### REQUIREMENT
Find the line with "Bungalow für 10" in the data below. Repeat it and every line after it exactly, but not the pictures.

### DATA FOR PROCESSING
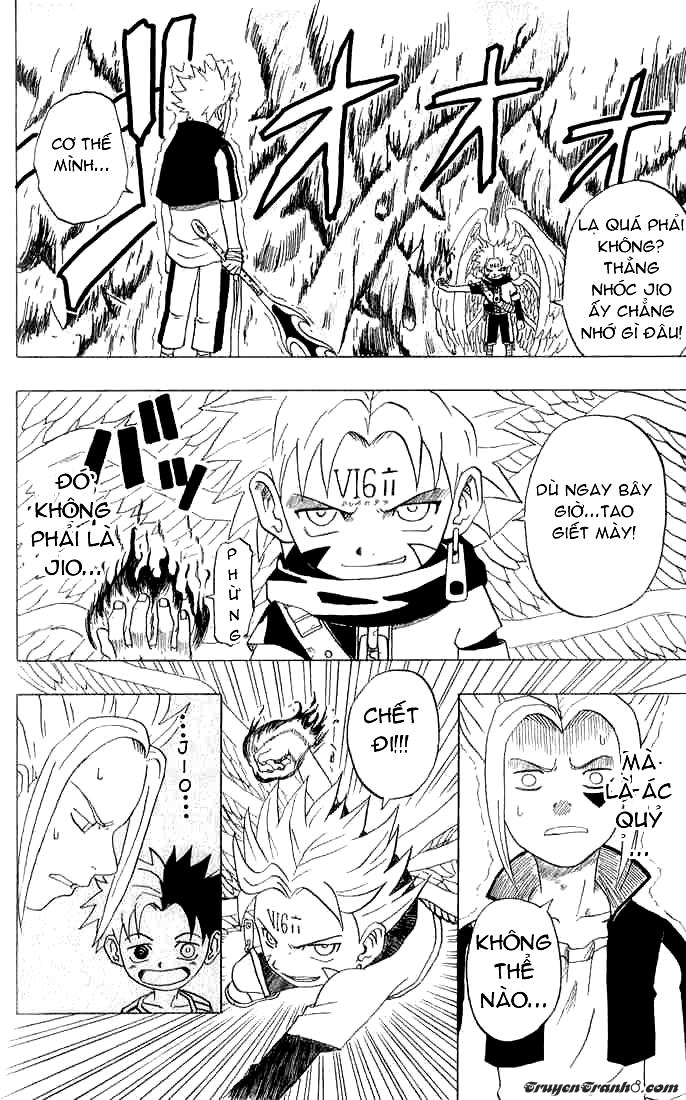 Cuộc Phiêu Lưu Của Quỷ Satan: Chapter 3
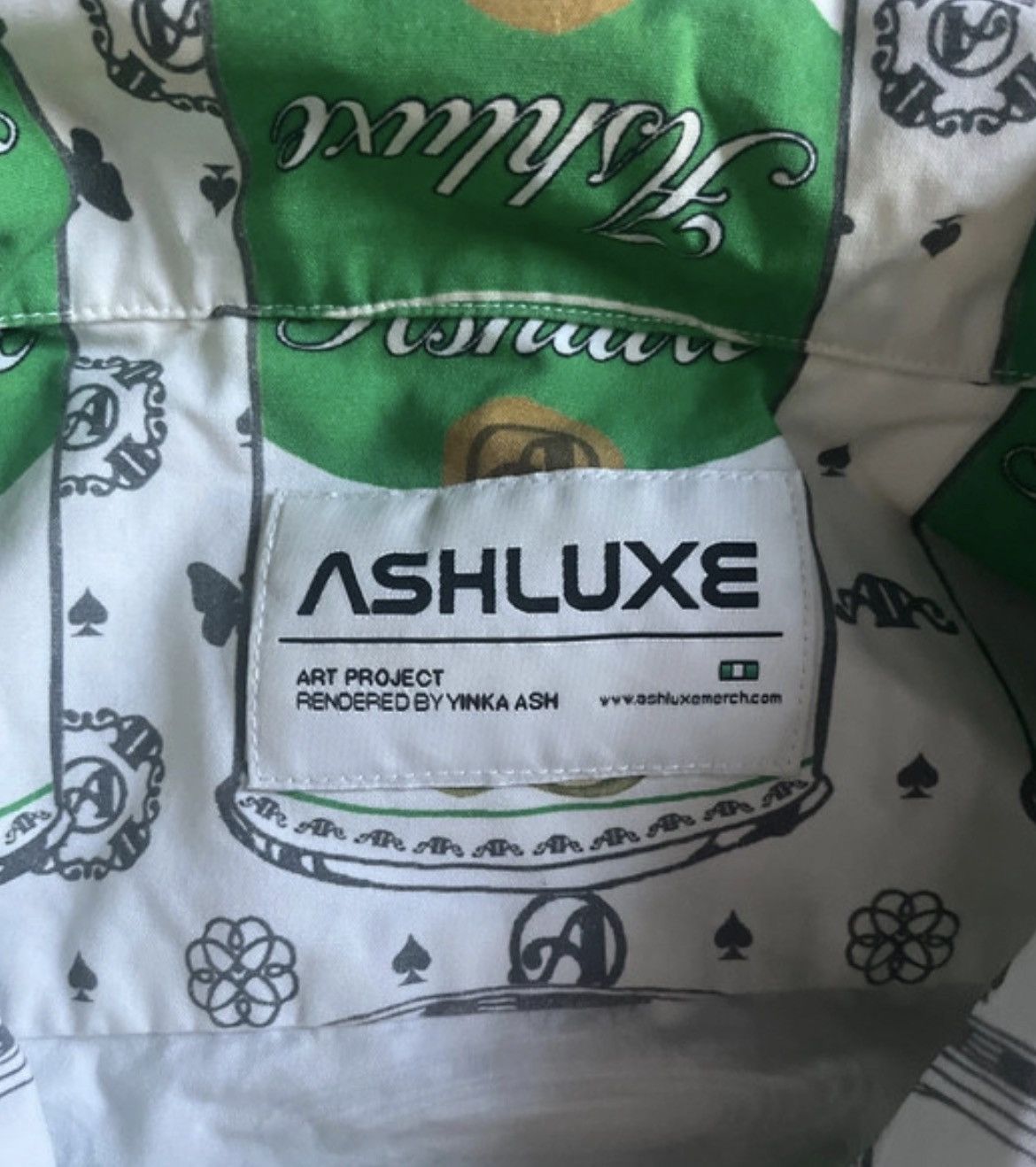 Other Ashluxe button up shirt Size US M / EU 48-50 / 2 - 1 Thumbnail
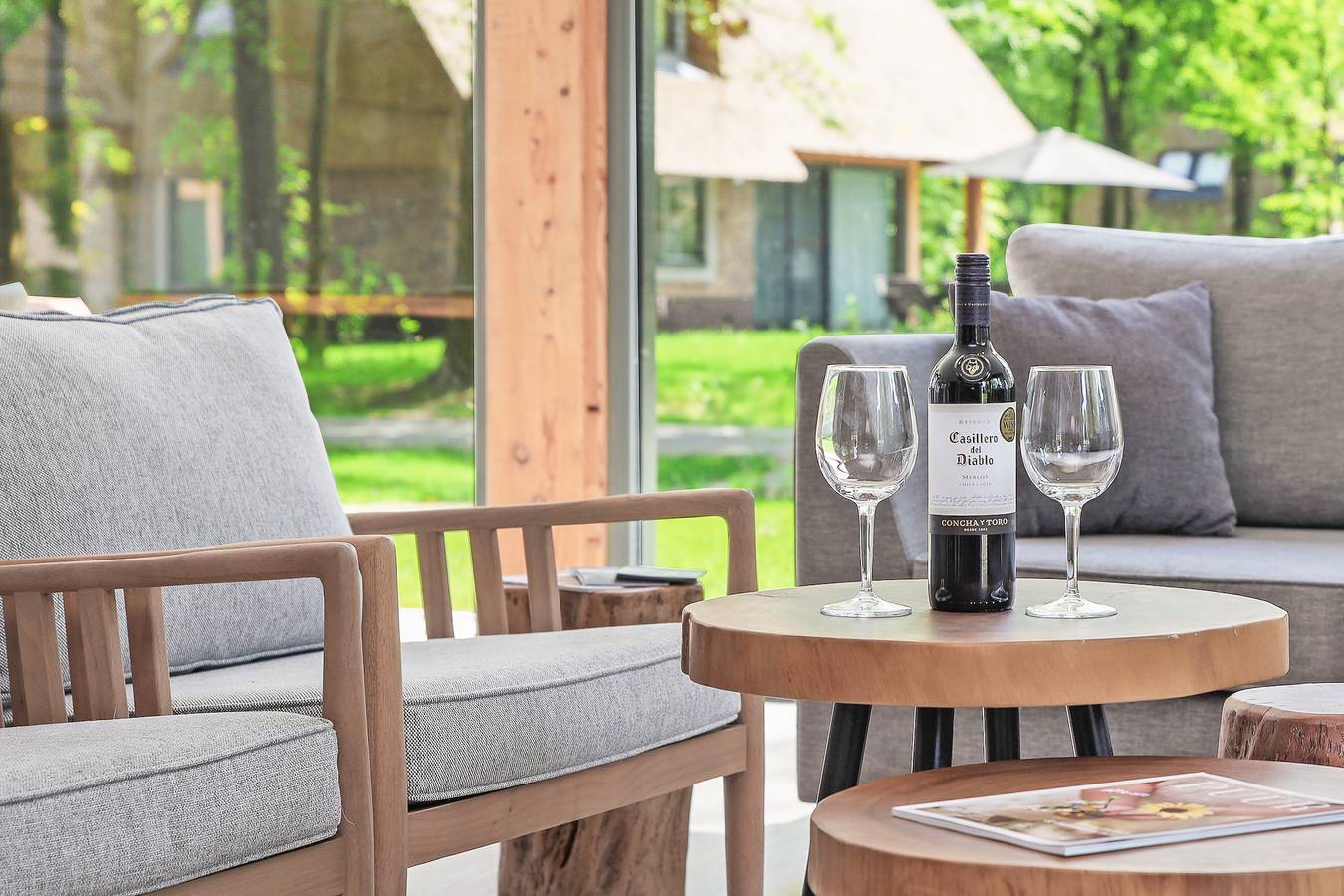 Bungalow für 10 Personen mit Terrasse in Bourtanger Moor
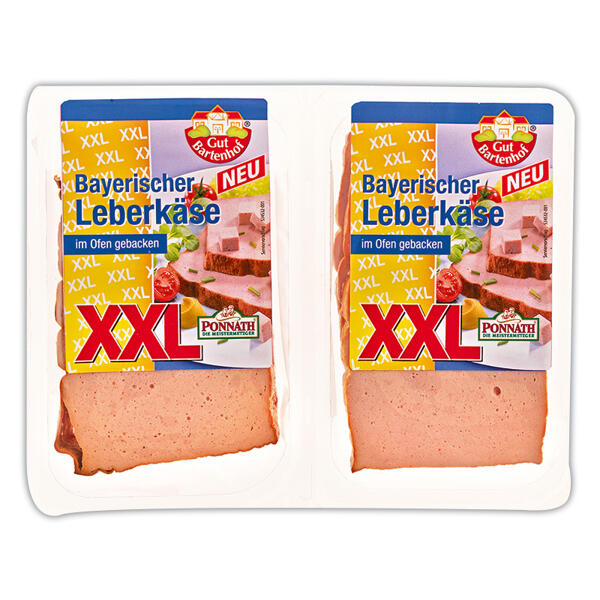 Bayerischer Leberkäse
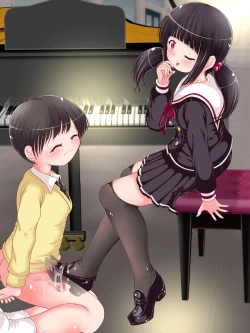 Page 159 of Onna Gakusei no Fumi Fumi Kyouiku!? Tights & KneeSo Matsuri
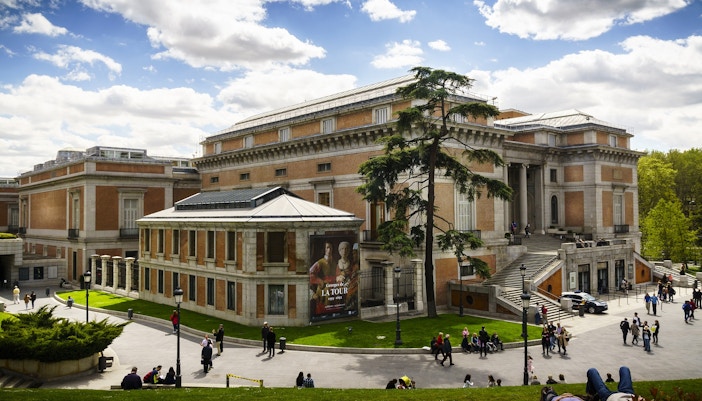 Madri em março - Museu do Prado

### ANSWER TO THIS EXERCISE
 Bungalow für 10 Personen mit Terrasse in Bourtanger Moor
 Bayerischer Leberkäse
 Page 159 of Onna Gakusei no Fumi Fumi Kyouiku!? Tights & KneeSo Matsuri
 Madri em março - Museu do Prado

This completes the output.